Jak poinformował chor. szt. Andrzej Bembenek z Bieszczadzkiego Oddziału Straży Granicznej w Przemyślu, do zatrzymania doszło w miejscowości Jeżowe w powiecie niżańskim na Podkarpaciu. - Na komendę policji w Nisku zadzwonił kierowca ciężarówki, który usłyszał odgłosy mogące świadczyć, że w naczepie jego pojazdu mogą znajdować się ukryte osoby. Na miejsce wezwano strażników granicznych z placówki z lotniska w Jasionce, którzy ujawnili tam 4 mężczyzn oraz kobietę – mówił Andrzej Bembenek
Podawali się za obywateli Serbii oraz Ukrainy
Cudzoziemcy początkowo podawali się za obywateli Serbii oraz Ukrainy. W trakcie prowadzonych czynności przyznali, że są obywatelami Nepalu, co potwierdziły dokumenty, które mieli przy sobie. Jak podał chor.szt. Bembenek, wcześniej przebywali wszyscy na terytorium Rumunii, gdzie otrzymali nawet prawo pobytu.

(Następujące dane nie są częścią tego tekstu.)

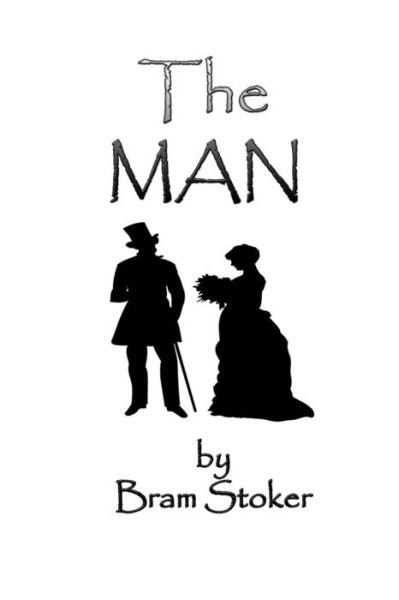 The Man - Bram Stoker - Bøker - Createspace - 9781495993848 - 21. februar 2014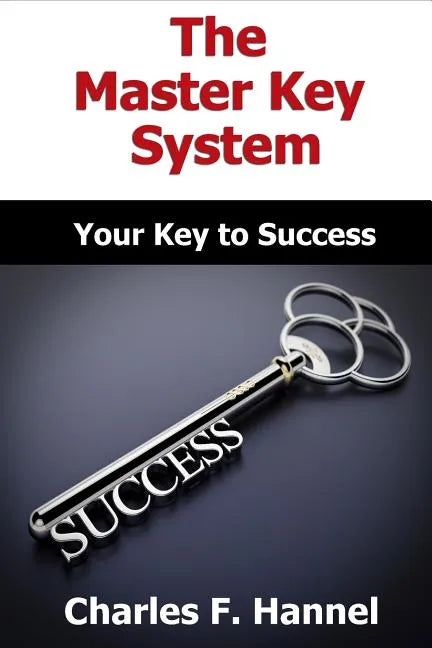 The Master Key System - Original Edition - All Parts Included - Paperback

- Następnie postanowili przedostać się na zachód Europy, docelowo do Francji – powiedział Bembenek
Jak podkreślił funkcjonariusz SG, imigranci byli w dobrej kondycji fizycznej i przygotowani do wyprawy. Za pomoc w nielegalnej wyprawie zapłacili w Rumunii po 2,6 tys. euro od osoby. Wszyscy przyznali się do nielegalnego przekroczenia granicy i dobrowolnie poddali się karze 6 miesięcy pozbawienia wolności z zawieszeniu na 2 lata. Zatrzymani obywatele Nepalu postanowieniem sądu zostali umieszczeni w strzeżonym ośrodku dla cudzoziemców.